Le contrat de cohabitation comporte également un volet financier, puisque le jeune sera redevable d'une contribution, d'une faible participation. Il sera donc tenu à des obligations, qui ne sont d'ailleurs pas faciles à définir, comme celle d'être présent dans les lieux un minimum de temps par jour, d'aider le propriétaire bailleur dans sa vie quotidienne, comme par exemple réaliser des démarches informatiques ou aider à assurer l'approvisionnement en nourriture et en produits d'entretien, d'être joignable rapidement et de travailler en lien avec les acteurs sociaux et médico-sociaux pour avertir ces derniers d'un éventuel problème. Sur ce point, le rôle du jeune n'est jamais de se substituer aux professionnels de santé, seulement de prévenir et informer.

J'ai aussi organisé, par ces contrats, l'équilibre des obligations entre les parties. De ce fait, le jeune doit souscrire une assurance responsabilité civile, en cas de dommage causé aux biens ou à la personne. Cela implique que l'Etat impose aux assurances l'existence de ce type de contrat et qu'il accepte que ces conventions, une fois établies, soient résiliables très facilement. En effet, le jeune ne bénéficiera jamais d'un droit au bail ni d'un droit au maintien dans les lieux et l'éventualité de problèmes relationnels doit être envisagé, d'où la nécessité que ces conventions soient résiliables très facilement.

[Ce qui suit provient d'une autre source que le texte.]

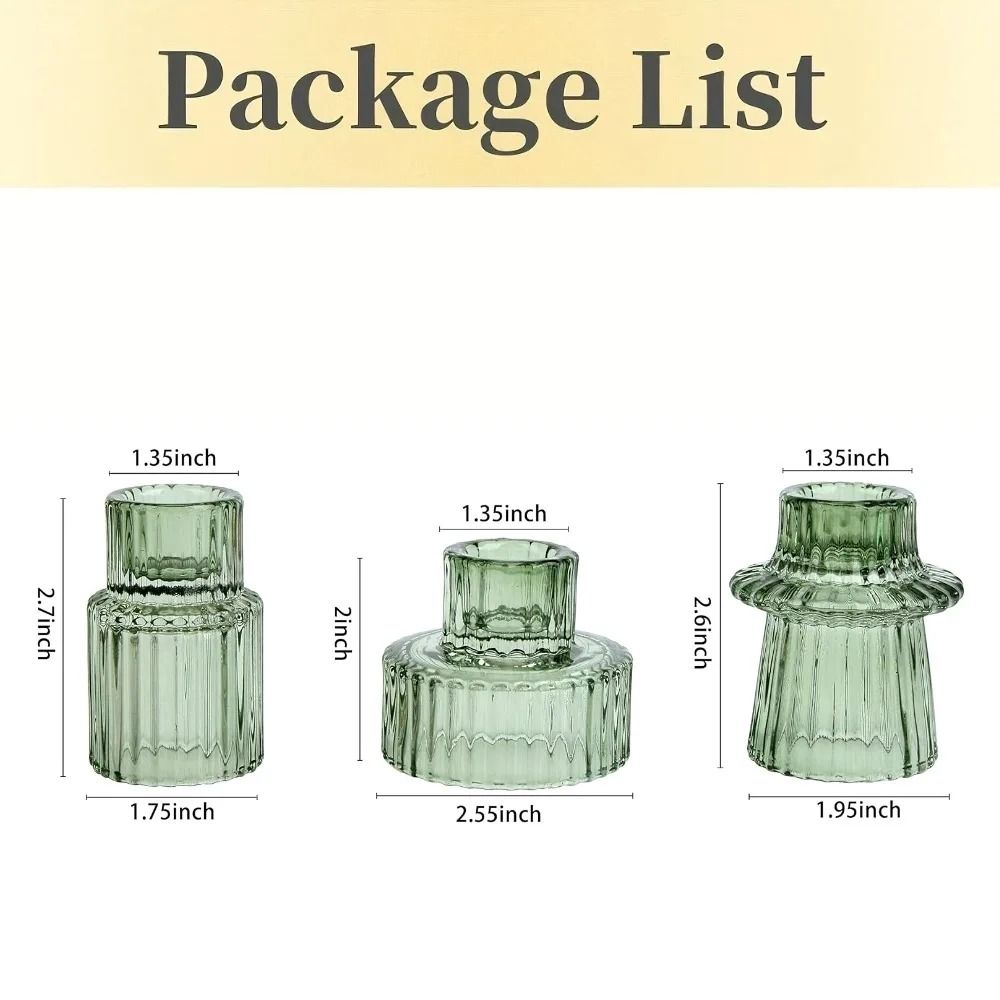 DoubleSided Vintage Ribbed Taper Glass Candle Holders 8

A. - P. : Ce contrat d'un nouveau genre conserve tout de même des caractéristiques similaires aux contrats généraux que vous avez l'habitude de rédiger ?

M. M. : Oui, comme dans tout contrat, on y retrouve une durée, une date de prise d'effet et des modalités de rémunération, également pour l'intermédiaire, qu'il s'agisse d'une structure privée comme d'une association, qui ne peut pas fonctionner sans contrepartie financière.

Il y a aussi des modalités de désignation des lieux qui seront mis à disposition puisqu'il faut qu'il y ait des précisions sur la partie des lieux de vie qui peuvent être mis à disposition du jeune.

Ces conventions sont faites pour une durée de neuf mois renouvelables, une durée qui correspond en quelque sorte à une année scolaire puisque la plupart des jeunes qui seront intéressés par ce type de cohabitation seront probablement des étudiants. La convention peut être renouvelée par tacite reconduction mais aussi résiliée très rapidement, notamment si le bailleur avertit les services sociaux d'une difficulté.

Actuellement, je suis en train de finaliser deux types de conventions. La première est un modèle fait pour un propriétaire, qui accepte directement la cohabitation avec un jeune, la seconde est un modèle destiné au locataire qui, après avoir consenti cette occupation à un jeune, doit prévenir son bailleur, qui peut être un bailleur privé ou un bailleur social, de sa volonté d'utiliser cette convention, sans que pour autant que celle-ci ne donne le moindre droit au jeune bénéficiaire à un maintien dans les lieux vis-à-vis du propriétaire ou du bailleur principal.

A. - P. : Vous avez donc oeuvré sur une véritable création juridique ..

M. M. : C'est totalement nouveau, effectivement. Dans mon activité, je rédige des contrats mais là c'est une pure conception intellectuelle. D'ailleurs, je compte essayer de la breveter, via une enveloppe soleau, en m'adressant à l'INPI pour enregistrer cette convention en tant que conception intellectuelle.

A.- P. : Vous avez également, quelque sorte, compenser le travail du législateur, en créant ce que le droit n'avait pas encore prévu..

M. M. : Oui, effectivement, on peut dire que je suis en train de faire des décrets d'application. L'arrêté contient des idées générales mais ne décrit pas précisément ce que la charte de cohabitation doit contenir. Il s'agit d'un vide juridique que l'avocat doit combler, en s'appuyant sur la législation et sa pratique rédactionnelle de contrat.